Your car can hit 140 degrees fast. Here’s how it becomes so dangerous:

Jenn Jordan
ByJenn Jordan
April 29, 2026Updated: April 29, 2026, 5:25 am EDTPublished: April 29, 2026, 5:25 am EDT

The Dangerous Heat Trap Inside Your Car

On a warm day, your car can turn dangerous faster than most people realize.

As meteorologist Sara Tonks warns, “temperatures in your car can easily climb by up to 40 degrees within just an hour of being left out in the sun.”

That means an 80-degree day can quickly become 120 degrees inside your vehicle, and even hotter if temperatures outside are already high.

Here's why it happens, what you should know and how you can keep your car and its passengers safe.

The process starts as the sun’s shortwave radiation enters your car through the windows. That energy heats up surfaces like seats and dashboards, which then release longwave radiation in the form of heat.

But here’s the problem: “That radiation can't easily pass through glass,” Tonks explains. So it gets trapped, bouncing around inside and creating a rapid heat buildup.

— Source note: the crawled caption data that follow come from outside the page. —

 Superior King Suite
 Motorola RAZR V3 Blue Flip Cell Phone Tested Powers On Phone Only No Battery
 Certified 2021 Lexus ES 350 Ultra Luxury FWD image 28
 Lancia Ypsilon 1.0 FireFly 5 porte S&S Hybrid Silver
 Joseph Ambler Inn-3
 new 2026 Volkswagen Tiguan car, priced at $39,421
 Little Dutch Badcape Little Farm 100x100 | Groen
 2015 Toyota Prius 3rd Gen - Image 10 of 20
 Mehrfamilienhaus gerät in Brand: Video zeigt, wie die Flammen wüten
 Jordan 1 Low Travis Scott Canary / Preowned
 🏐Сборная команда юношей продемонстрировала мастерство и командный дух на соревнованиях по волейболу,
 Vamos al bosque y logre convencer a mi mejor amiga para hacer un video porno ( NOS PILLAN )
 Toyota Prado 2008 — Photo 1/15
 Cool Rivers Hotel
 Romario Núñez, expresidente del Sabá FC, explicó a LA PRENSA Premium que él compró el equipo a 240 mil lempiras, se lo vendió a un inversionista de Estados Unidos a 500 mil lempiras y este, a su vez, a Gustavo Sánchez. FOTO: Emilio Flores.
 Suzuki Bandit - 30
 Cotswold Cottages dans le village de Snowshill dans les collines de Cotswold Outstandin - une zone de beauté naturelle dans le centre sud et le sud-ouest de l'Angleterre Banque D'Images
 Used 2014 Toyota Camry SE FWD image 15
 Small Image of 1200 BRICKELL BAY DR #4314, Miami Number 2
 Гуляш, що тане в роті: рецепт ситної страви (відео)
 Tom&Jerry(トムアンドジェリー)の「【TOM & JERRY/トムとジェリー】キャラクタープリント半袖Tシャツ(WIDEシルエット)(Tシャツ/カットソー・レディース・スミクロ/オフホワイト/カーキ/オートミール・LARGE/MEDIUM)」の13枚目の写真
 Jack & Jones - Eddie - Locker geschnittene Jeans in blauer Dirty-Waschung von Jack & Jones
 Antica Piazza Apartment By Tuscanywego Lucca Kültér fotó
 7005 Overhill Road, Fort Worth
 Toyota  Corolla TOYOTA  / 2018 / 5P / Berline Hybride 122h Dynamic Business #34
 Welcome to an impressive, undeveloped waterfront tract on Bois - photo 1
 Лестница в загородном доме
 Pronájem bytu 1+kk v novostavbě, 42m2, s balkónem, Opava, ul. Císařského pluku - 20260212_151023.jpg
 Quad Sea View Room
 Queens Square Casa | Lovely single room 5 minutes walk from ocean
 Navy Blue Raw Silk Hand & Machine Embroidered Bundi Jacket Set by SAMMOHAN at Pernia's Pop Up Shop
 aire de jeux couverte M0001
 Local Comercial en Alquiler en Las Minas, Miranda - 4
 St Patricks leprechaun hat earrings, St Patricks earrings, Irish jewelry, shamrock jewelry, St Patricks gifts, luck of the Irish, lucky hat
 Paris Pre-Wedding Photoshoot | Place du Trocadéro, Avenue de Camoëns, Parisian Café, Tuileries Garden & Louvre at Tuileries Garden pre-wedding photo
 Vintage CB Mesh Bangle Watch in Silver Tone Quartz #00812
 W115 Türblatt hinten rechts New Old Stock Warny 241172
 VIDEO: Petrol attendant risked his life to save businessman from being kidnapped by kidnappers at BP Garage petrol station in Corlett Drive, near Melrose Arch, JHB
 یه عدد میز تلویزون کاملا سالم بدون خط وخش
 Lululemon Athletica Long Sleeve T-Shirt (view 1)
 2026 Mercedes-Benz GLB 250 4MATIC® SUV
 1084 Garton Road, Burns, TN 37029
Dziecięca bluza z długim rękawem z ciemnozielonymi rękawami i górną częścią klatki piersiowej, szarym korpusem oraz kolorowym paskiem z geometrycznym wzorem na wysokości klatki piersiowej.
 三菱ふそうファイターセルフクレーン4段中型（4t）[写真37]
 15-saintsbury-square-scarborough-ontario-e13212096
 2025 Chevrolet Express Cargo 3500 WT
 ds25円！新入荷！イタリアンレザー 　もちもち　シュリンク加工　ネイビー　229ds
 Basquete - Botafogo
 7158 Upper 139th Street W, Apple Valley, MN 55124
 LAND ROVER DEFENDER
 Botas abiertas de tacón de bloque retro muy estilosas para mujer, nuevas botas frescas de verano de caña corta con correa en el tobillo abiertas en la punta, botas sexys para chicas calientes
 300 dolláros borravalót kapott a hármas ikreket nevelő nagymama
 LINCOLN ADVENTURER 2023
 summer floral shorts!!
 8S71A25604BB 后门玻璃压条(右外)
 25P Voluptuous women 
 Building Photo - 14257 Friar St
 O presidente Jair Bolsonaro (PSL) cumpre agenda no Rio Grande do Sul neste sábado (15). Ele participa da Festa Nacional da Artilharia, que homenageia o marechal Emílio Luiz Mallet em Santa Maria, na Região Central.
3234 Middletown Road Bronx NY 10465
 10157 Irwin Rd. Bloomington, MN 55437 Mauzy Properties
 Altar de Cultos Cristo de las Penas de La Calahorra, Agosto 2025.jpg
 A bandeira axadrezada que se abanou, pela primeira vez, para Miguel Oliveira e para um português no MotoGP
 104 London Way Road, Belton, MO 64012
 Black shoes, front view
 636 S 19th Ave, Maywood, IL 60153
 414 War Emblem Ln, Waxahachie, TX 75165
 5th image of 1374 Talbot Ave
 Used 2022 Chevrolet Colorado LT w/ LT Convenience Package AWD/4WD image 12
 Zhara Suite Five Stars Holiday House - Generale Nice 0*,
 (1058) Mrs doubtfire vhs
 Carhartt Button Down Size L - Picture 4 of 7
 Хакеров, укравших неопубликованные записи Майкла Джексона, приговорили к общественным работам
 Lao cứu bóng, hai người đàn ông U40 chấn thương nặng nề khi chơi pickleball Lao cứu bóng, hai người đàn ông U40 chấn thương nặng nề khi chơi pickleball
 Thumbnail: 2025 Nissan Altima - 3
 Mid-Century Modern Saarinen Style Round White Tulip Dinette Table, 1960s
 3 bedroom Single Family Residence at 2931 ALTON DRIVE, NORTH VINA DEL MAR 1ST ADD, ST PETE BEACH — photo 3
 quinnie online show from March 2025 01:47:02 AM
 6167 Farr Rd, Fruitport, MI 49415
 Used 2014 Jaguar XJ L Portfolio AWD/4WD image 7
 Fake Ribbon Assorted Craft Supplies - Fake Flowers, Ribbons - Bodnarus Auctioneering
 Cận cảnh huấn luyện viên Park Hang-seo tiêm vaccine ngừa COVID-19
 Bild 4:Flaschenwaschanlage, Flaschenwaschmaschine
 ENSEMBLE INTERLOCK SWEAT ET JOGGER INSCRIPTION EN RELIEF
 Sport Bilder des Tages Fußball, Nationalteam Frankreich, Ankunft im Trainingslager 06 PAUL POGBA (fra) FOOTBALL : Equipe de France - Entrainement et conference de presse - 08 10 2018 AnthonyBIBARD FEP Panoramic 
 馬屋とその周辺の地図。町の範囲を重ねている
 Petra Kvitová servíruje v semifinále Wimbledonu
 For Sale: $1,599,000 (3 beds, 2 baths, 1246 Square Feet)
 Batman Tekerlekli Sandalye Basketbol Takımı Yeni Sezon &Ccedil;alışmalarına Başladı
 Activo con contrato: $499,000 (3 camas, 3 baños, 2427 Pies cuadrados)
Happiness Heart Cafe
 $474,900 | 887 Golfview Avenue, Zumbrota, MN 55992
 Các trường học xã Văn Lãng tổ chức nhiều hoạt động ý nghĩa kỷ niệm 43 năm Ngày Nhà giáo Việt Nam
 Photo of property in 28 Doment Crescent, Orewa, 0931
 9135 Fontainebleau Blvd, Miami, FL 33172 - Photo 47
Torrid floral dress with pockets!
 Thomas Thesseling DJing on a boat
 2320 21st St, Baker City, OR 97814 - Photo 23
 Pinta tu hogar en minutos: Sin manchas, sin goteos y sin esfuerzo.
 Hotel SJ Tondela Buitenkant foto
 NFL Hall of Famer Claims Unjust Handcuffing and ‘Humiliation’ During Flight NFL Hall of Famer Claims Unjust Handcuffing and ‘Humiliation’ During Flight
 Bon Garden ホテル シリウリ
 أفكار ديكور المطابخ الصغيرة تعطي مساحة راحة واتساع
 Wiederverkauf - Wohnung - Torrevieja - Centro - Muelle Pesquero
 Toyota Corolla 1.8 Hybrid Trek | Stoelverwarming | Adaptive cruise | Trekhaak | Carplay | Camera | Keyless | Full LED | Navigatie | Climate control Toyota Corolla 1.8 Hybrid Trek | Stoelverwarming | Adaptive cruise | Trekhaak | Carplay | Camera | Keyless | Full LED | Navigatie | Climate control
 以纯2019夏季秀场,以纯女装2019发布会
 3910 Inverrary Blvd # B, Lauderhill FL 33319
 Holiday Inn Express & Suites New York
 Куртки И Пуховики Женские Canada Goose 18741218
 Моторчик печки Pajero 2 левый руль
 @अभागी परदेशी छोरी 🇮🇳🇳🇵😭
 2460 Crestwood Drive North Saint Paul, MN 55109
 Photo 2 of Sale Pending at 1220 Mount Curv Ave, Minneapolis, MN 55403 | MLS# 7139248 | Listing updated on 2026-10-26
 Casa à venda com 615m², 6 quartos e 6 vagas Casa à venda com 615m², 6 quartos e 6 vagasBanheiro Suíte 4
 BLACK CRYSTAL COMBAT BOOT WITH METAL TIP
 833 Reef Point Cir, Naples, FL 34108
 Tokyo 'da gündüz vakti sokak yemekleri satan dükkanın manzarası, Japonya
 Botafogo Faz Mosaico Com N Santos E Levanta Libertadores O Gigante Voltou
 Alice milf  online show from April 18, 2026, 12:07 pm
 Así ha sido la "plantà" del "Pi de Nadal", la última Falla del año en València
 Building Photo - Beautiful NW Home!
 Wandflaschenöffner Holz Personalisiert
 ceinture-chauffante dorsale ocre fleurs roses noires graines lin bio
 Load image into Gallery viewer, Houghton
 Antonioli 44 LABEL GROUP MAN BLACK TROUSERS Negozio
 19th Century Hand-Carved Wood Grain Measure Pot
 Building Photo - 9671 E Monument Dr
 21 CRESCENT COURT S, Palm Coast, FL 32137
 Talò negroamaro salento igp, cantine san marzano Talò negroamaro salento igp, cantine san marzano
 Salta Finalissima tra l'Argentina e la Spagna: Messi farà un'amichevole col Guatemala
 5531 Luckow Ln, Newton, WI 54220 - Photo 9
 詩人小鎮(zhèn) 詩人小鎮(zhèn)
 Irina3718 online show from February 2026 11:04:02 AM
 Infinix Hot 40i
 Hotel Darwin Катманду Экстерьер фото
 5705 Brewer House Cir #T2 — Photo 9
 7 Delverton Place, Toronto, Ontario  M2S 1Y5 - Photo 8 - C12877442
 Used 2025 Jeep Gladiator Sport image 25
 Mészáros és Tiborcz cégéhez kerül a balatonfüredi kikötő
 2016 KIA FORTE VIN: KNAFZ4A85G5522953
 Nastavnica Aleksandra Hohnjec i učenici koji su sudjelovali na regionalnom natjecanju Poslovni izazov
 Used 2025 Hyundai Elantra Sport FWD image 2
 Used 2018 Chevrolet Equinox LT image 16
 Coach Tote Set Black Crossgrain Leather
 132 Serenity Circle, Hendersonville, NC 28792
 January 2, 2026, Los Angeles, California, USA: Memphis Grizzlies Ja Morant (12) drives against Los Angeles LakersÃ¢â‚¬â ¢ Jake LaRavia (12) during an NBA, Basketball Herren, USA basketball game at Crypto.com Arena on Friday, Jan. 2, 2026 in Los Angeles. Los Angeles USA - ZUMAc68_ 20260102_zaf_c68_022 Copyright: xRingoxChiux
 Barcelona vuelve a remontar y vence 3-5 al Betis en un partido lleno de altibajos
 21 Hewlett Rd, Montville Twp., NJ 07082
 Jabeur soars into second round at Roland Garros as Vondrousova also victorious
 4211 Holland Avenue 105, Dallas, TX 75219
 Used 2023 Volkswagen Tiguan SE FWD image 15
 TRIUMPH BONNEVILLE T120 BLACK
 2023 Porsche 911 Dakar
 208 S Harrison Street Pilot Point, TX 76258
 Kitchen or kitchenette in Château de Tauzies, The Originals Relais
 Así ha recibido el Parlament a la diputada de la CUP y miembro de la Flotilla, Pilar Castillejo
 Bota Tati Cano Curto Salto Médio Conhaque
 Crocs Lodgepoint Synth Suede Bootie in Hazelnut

(MORE: Everything You Need To Know About Heat Safety)

“Your car does work exactly like a traditional greenhouse,” Tonks adds. The result is a feedback loop where heat keeps building with nowhere to go, causing temperatures to spike quickly.

Cars can reach 140 to 150 degrees under extreme conditions. And yes, that's hot enough to cook an egg or bake a cookie.

“The problem there isn't just how hot it gets, but how fast it does it,” Tonks notes. Even a “quick” errand can turn into a dangerous delay, putting groceries, electronics, pets or children at risk inside your vehicle.

Tonks also warns that cracking a window won’t save you, comparing it to opening an oven door: “It's still going to be an oven, and it is still going to be very hot inside that oven."

(MORE: Summer Is Hard On Your Car, Here’s How To Take Care Of It)

Some additional factors that affect the temperature inside your car:

  • Dark-colored cars and seats absorb more heat and warm faster.
  • Tinted windows can help by blocking some sunlight before it enters.
  • Cloud cover can slow heating by reducing incoming sunlight.
  • High humidity can make it feel even hotter inside the car.

Tonks stresses awareness. “We're all human, we all make mistakes,” she says, which is why it’s important to build habits like placing a reminder in the front seat if a child or pet is in the back, or always using drive-throughs for errands instead of exiting the car entirely.

But her best advice is simple, especially as the weather gets warmer: Never leave a child or pet in a parked car for any reason or any amount of time.